• [Work to complete]
Word for word, restate the lines from the one containing "불후의 명곡 박근태 1부 10일, 이찬원 진행·김희재·성리 카드뉴스 표지" through the last line of the material, and include no pictures.
[[ Source information open ]]
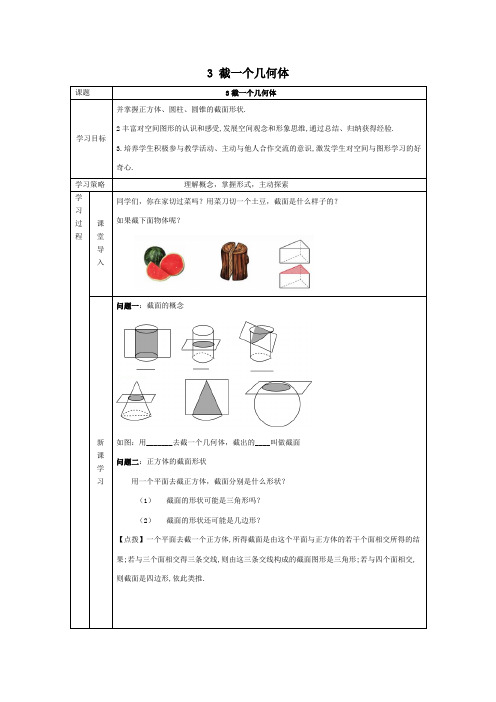 截一个几何体导学案北师大版七年级数学上册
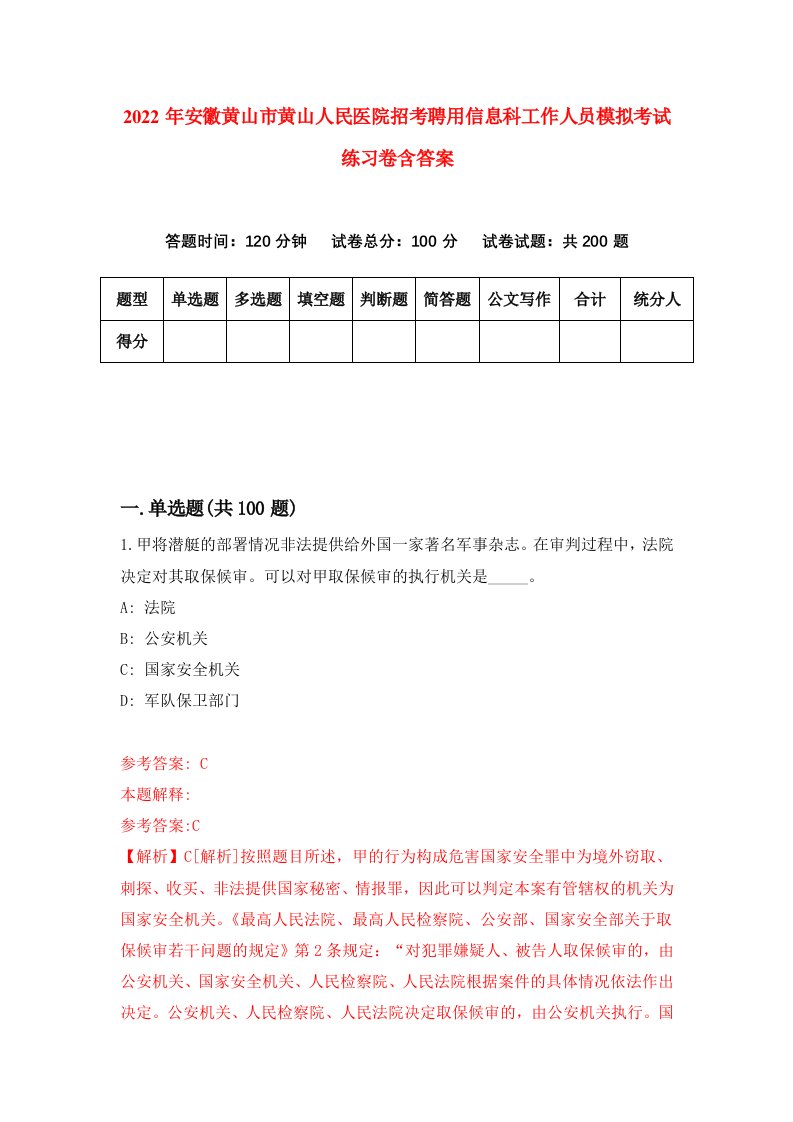 2022年安徽黄山市黄山人民医院招考聘用信息科工作人员模拟考试练习卷含答案第3卷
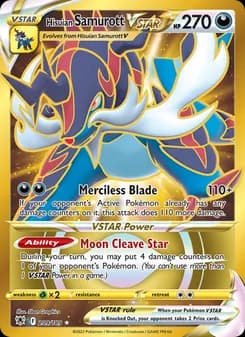 Hisuian Samurott VSTAR card image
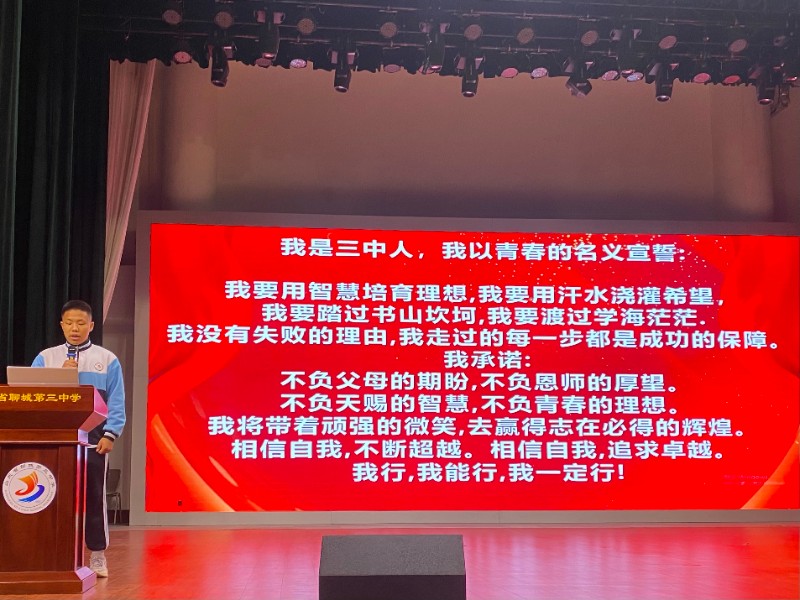 1733276903538027.jpg 微信图片_20241204094625.jpg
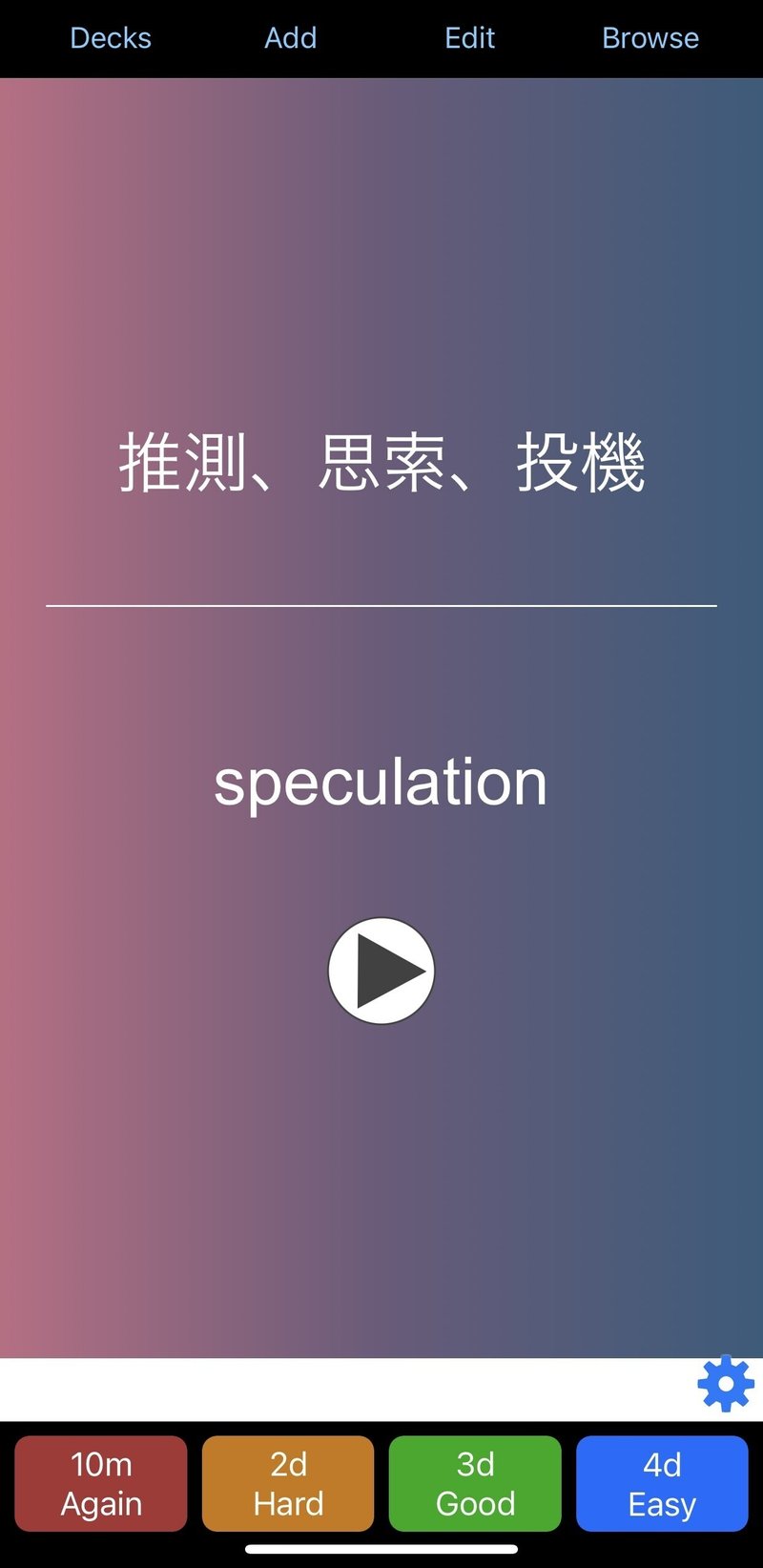 Tts Say と Anki が私のインドネシア語学習を救う 蜂蜜と黄粉の独立性 Note Tts Say と Anki が私のインドネシア語学習を救う 蜂蜜と黄粉の独立性 Note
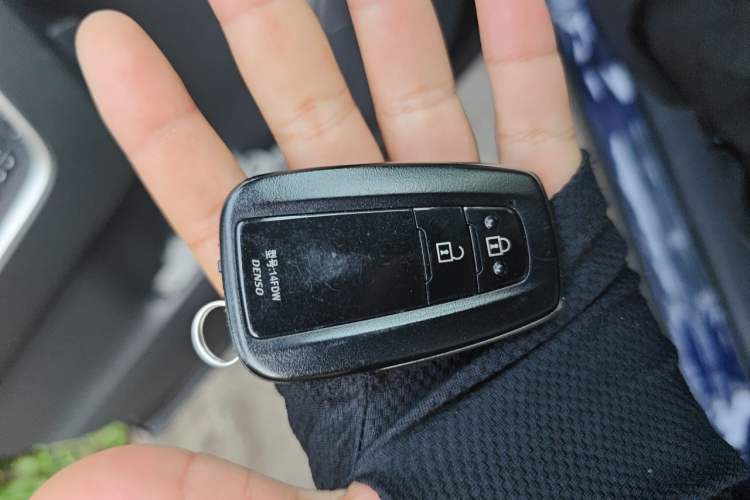 Used Toyota RAV4 2023 2.0L CVT Two-Wheel Drive Fashion Plus Edition Vehicle Key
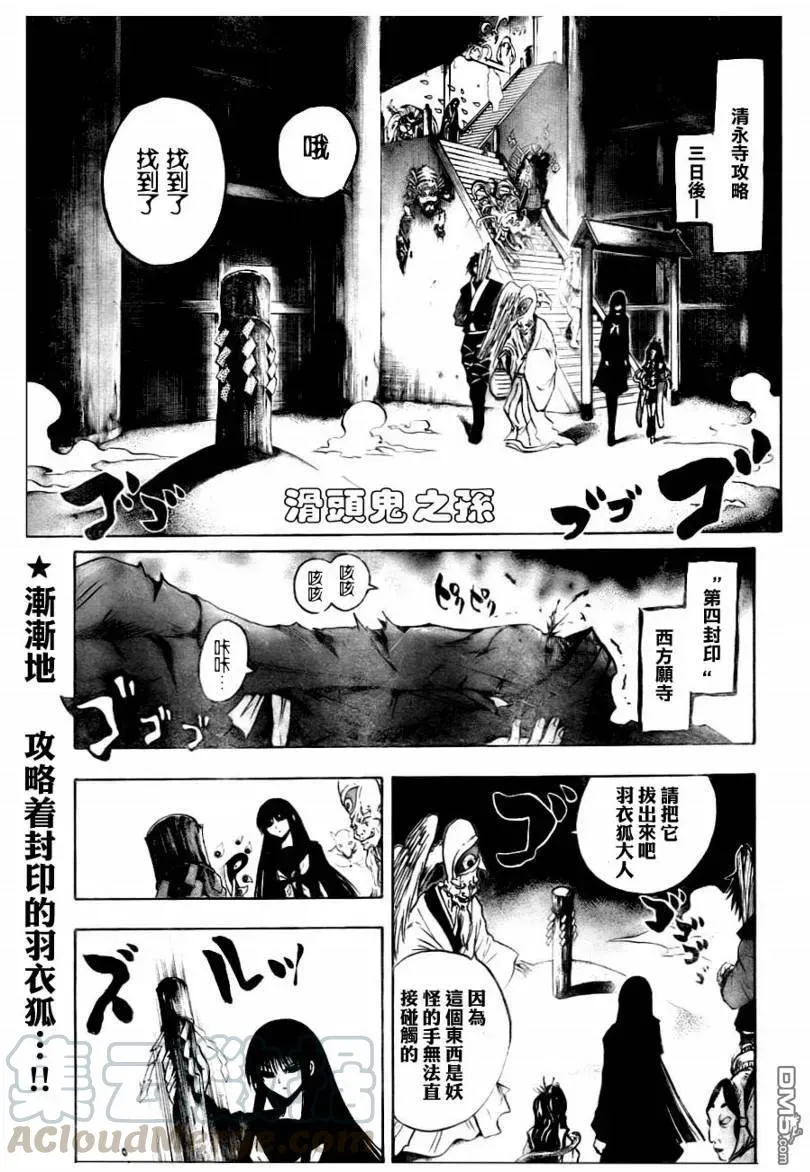 第74幕 花开院本家 第1页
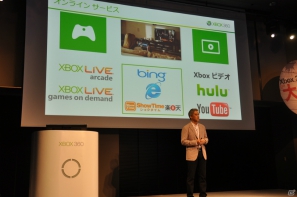 入場を待つファンが長蛇の列！「Halo 4」や「Gears of War：Judgment」など注目のタイトルが試遊可能！「Xbox 360 「大」感謝祭 2012 夏」プレスステージレポートの画像6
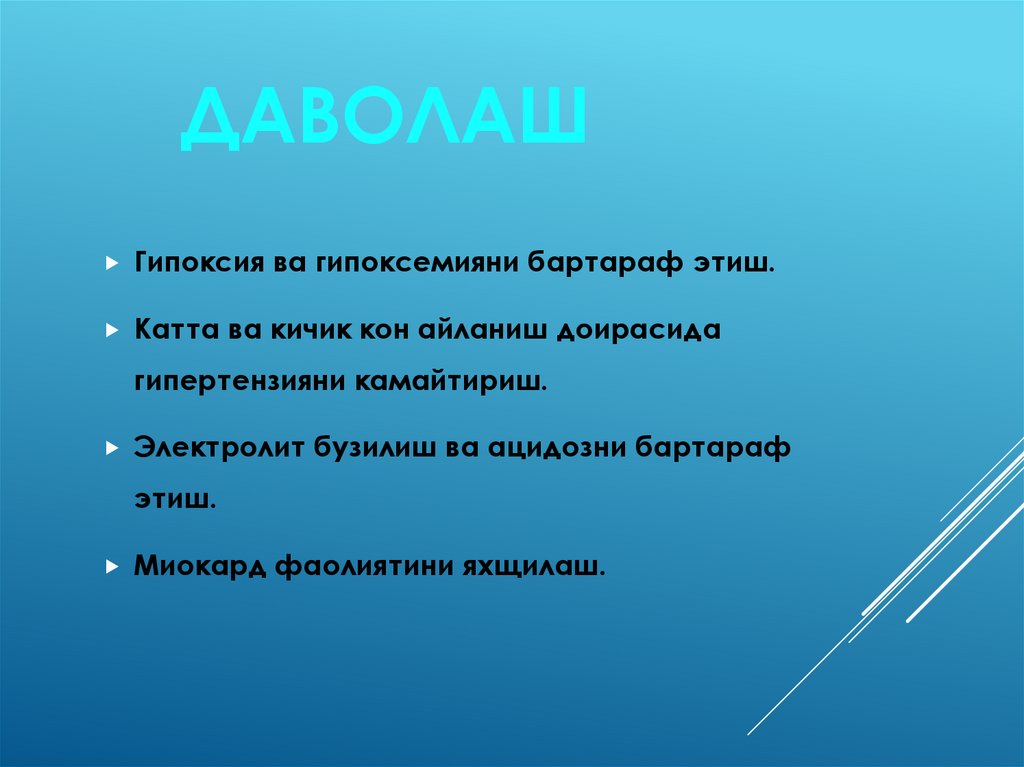 Даволаш
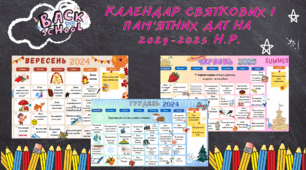 Календар святкових і пам'ятних дат на 2024-2025 н.р. (10 місяців)
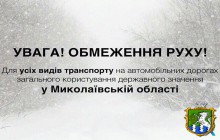 УВАГА: Тимчасове обмеження руху для всіх категорій транспортних засобів 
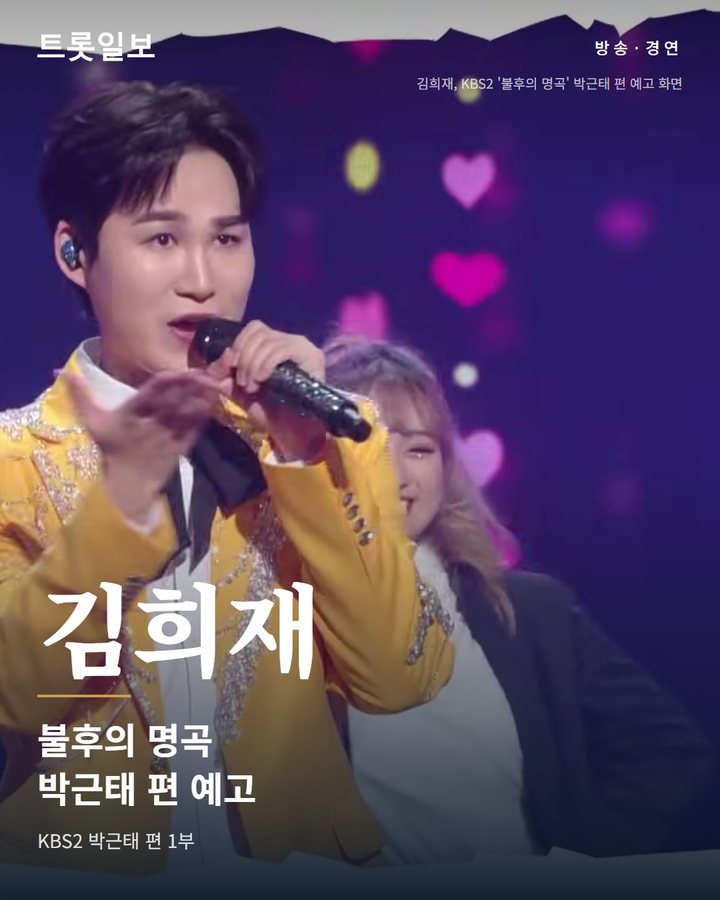 불후의 명곡 박근태 1부 10일, 이찬원 진행·김희재·성리 카드뉴스 표지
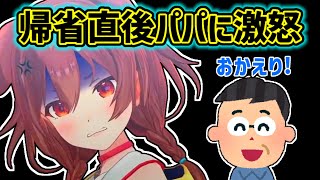 【戌神ころね】実家に帰った直後にパパに激怒したころね【ホロライブ切り抜き】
[[ Source information closed ]]
• [Task answer]
 불후의 명곡 박근태 1부 10일, 이찬원 진행·김희재·성리 카드뉴스 표지
 【戌神ころね】実家に帰った直後にパパに激怒したころね【ホロライブ切り抜き】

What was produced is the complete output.